§ **DATASET EXTRACT**:
- - -

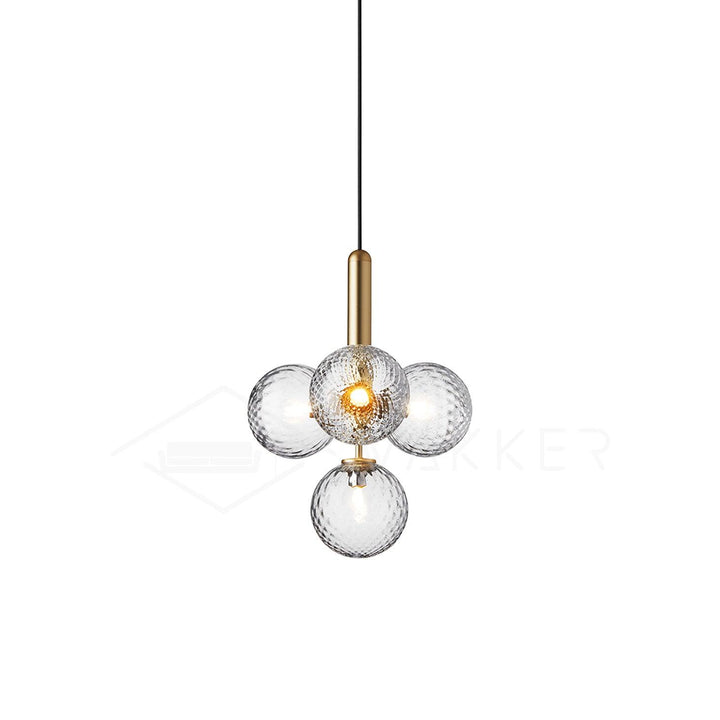 Calyxia Suspension Industrielle Classique en Verre - Neutralighting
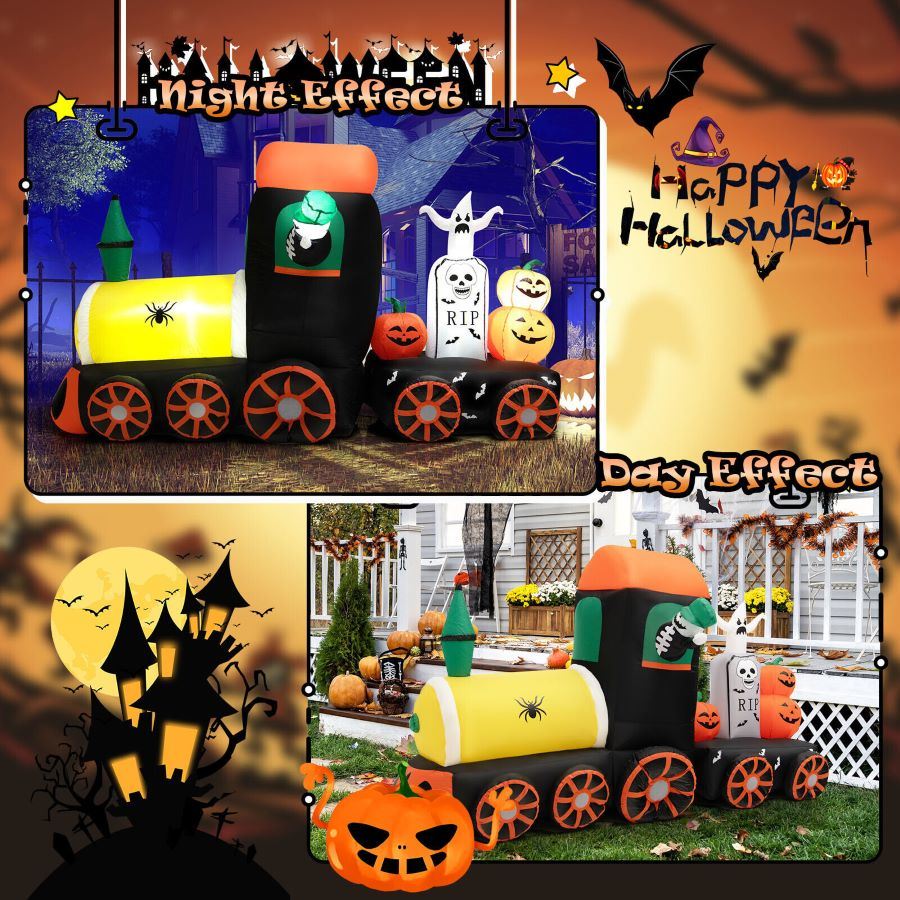 Halloween Outdoor Spooky Tree Monster Ghost Blow Up Yard Decoration With Built-In Led Lights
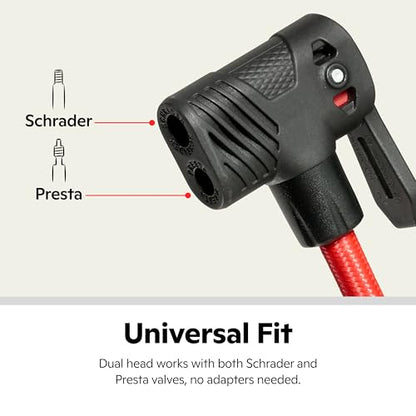 Schwinn Foot Operated Bike Pump - color: Black, Air Base Plus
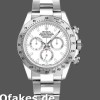 Super Clone Men's Rolex Daytona-116520, 40mm, Stainless Steel Case, White Dial, Men’s White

- - -

§ **WHAT YOU WILL DO**: Take the listing above and print it exactly, apart from the pictures.

§ **SOLUTION FOR THIS EXERCISE**:
 Calyxia Suspension Industrielle Classique en Verre - Neutralighting
 Halloween Outdoor Spooky Tree Monster Ghost Blow Up Yard Decoration With Built-In Led Lights
 Schwinn Foot Operated Bike Pump - color: Black, Air Base Plus
 Super Clone Men's Rolex Daytona-116520, 40mm, Stainless Steel Case, White Dial, Men’s White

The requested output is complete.